= Clark Haas =

American cartoonist

Clark S. Haas Jr. (July 21, 1919 - January 18, 1978) was an American cartoonist and, from 1957 to 1965, owner of Cambria Studios, which produced the limited animation series Clutch Cargo (1959).

==Career==

Before working professionally in cartoons, Haas was a pioneer jet pilot, according to Cambria Studios voice actress Margaret Kerry. His cartooning career started with work on the Sunday editions of the comic strips Buz Sawyer and Tim Tyler's Luck. From 1949 to 1951, he had his own comic strip, Sunnyside, which was distributed by Wheeler-Nicholson, Inc.

After starting Cambria Studios, he helped create and write Cambria's animated television series, Clutch Cargo (1959–1960), Space Angel (1962), Captain Fathom (1965), and The New Three Stooges (1965–1966).

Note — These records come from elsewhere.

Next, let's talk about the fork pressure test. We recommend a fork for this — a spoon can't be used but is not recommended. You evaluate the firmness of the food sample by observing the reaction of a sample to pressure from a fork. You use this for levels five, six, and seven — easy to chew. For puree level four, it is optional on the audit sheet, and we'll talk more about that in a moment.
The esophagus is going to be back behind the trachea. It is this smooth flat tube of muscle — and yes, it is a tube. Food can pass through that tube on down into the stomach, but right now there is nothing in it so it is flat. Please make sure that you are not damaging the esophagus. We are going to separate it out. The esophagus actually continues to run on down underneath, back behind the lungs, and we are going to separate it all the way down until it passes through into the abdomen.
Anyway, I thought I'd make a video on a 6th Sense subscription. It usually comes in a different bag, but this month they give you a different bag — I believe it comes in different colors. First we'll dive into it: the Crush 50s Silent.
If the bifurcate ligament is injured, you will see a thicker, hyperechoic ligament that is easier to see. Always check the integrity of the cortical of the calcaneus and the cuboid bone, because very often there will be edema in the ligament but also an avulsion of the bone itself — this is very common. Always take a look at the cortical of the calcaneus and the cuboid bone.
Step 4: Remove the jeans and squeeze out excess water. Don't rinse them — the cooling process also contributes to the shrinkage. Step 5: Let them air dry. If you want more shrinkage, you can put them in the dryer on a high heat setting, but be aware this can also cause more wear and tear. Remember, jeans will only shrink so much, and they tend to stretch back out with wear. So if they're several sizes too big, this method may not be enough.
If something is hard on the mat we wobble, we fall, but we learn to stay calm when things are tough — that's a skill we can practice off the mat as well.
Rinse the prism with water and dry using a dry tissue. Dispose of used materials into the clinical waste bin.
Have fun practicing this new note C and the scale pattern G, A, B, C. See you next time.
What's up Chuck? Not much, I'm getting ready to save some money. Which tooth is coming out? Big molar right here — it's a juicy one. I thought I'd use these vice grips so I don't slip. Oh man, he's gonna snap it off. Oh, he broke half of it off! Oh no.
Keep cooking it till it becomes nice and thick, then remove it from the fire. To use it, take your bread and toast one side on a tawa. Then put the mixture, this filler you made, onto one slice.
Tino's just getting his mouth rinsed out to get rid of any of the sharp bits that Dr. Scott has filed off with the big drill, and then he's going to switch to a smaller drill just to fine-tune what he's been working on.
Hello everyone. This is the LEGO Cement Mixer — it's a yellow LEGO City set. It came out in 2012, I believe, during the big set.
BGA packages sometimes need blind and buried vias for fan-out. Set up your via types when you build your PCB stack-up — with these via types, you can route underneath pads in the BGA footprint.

The first three of these series used the Syncro-Vox technique of animation developed by his Cambria partner, Edwin Gillette, in the early 1950s for producing animation quickly and at a minimal cost.

In later years Haas became associated with Hanna-Barbera and worked on their series The ABC Saturday Superstar Movie (1972), Super Friends (1973), and Speed Buggy (1973).